Berliner Testament in anderen EU-Ländern unbekannt
Selbst wer in der Heimat ein eindeutiges Testament erstellt und seine Lieben nach bestem Wissen und Gewissen abgesichert hat, muss fürchten, dass ausländische Behörden seinen letzten Willen nicht oder nicht vollständig umsetzen. Besondere Probleme bekommen Eheleute, die sich per Berliner Testament gegenseitig zu Alleinerben einsetzen und die gemeinsamen Kinder vorläufig enterben.„Diese Form des Ehegattentestaments ist in Deutschland beliebt, weil sie den überlebenden Partner umfassend absichert“, sagt Hans H. Brecht, Rechtsanwalt und Notar in Siegen. Dummerweise sei der deutsche Klassiker in vielen anderen Ländern der Europäischen Union aber unbekannt – und laufe damit ins Leere. „Statt der maßgeschneiderten Vorgaben gelten dann doch wieder die spanischen oder französischen Standardregeln und die sind für Witwer oder Witwen nicht immer vorteilhaft.“ Vielfach werden Ehegatten mit einer Art Nutzungsrecht am Nachlass abgespeist.

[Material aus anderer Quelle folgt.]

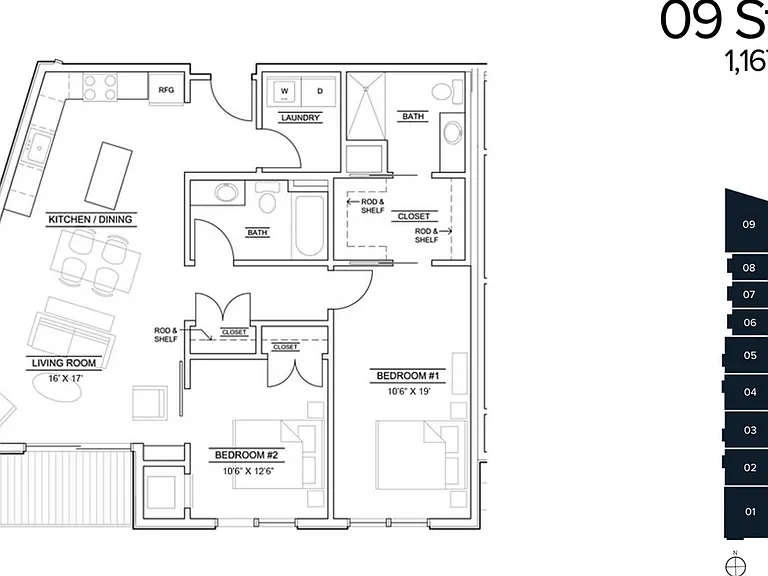 2Bed 2Bath - 1167 Sq Ft 2Bed 2Bath - 1167 Sq Ft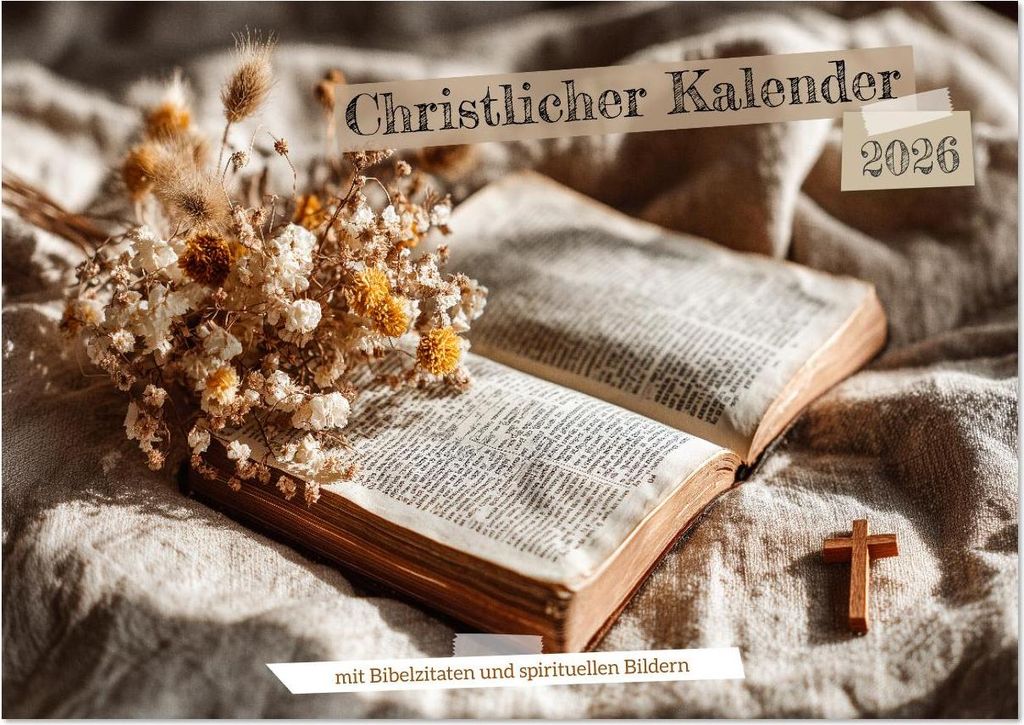 Christlicher Kalender mit Bibelzitaten und spirituellen Bildern (Wandkalender 2026 DIN A3 quer), CALVENDO Monatskalender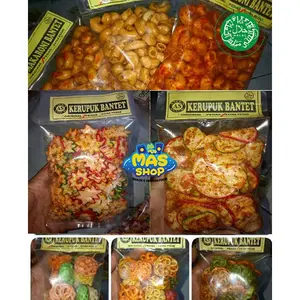 MAKARONI bantet -+50 gr krupuk SEBLAK krupuk UDANG KERUPUK Makaroni BANTET tasikmalaya Mojokerto MS cap koki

Rechtswahlklausel einbauen
Ehepaare, die auf Nummer sicher gehen wollen, müssen neue Wege suchen. „Wer heute ein Testament erstellt, sollte eine Rechtswahlklausel einbauen“, rät Roglmeier. „Sie stellt sicher, dass die Staatsbürgerschaft auch künftig bestimmt, welches Erbrecht nach dem eigenen Tod greift.“ Nicht nur neue Testamente brauchen eine solche Klausel. Auch Alt-Verfügungen müssen für die Anerkennung im Ausland entsprechend überarbeitet werden. Immerhin: „Eine notarielle Beurkundung ist dafür nicht nötig“, sagt Experte Brecht. „Es genügt, den entsprechenden Passus handschriftlich zu ergänzen. Jedoch müssen ihn beide Partner unterschreiben.“
Extrakosten für Dolmetscher oder Gutachter
Ein Restrisiko bleibt. Grund: Per Rechtswahl lassen sich die Inhalte des Testaments deutschem Recht unterwerfen. Das Verfahren, nach dem der Nachlass abgewickelt wird, ist aber weiter in dem Land angesiedelt, in dem der Erblasser gestorben ist. Das kann Schwierigkeiten verursachen. „Wenn spanische Nachlassrichter nach deutschen Regeln einen Nachlass verteilen sollen, geht das nicht ohne Extrakosten für Dolmetscher oder Gutachter“, warnt Juristin Roglmeier. Sie empfiehlt, die Erben zusätzlich zu verpflichten, etwaige Streitigkeiten vor deutschen Gerichten auszutragen. „Zuwiderhandlungen lassen sich durch den Verlust von Privilegien sanktionieren, die ein im Testament benannter Vollstrecker überwacht.“
Steuerberater ins Boot holen
Gibt es größere Vermögen zu verteilen, sollte ein Steuerberater am Formulieren der Verfügung beteiligt sein. Denn die Erbschaftsteuer bleibt erst einmal Ländersache. Brecht: „Wer nicht will, dass seine Erben womöglich in mehreren Staaten zur Kasse gebeten werden, sollte sich auch in diesem Bereich beraten lassen.“
* Dieser Text erschien bereits am 25. Mai 2015. Er wurde anlässlich des Inkrafttretens der EU-Verordnung am 17. August 2015 ohne inhaltliche Änderungen wiederveröffentlicht.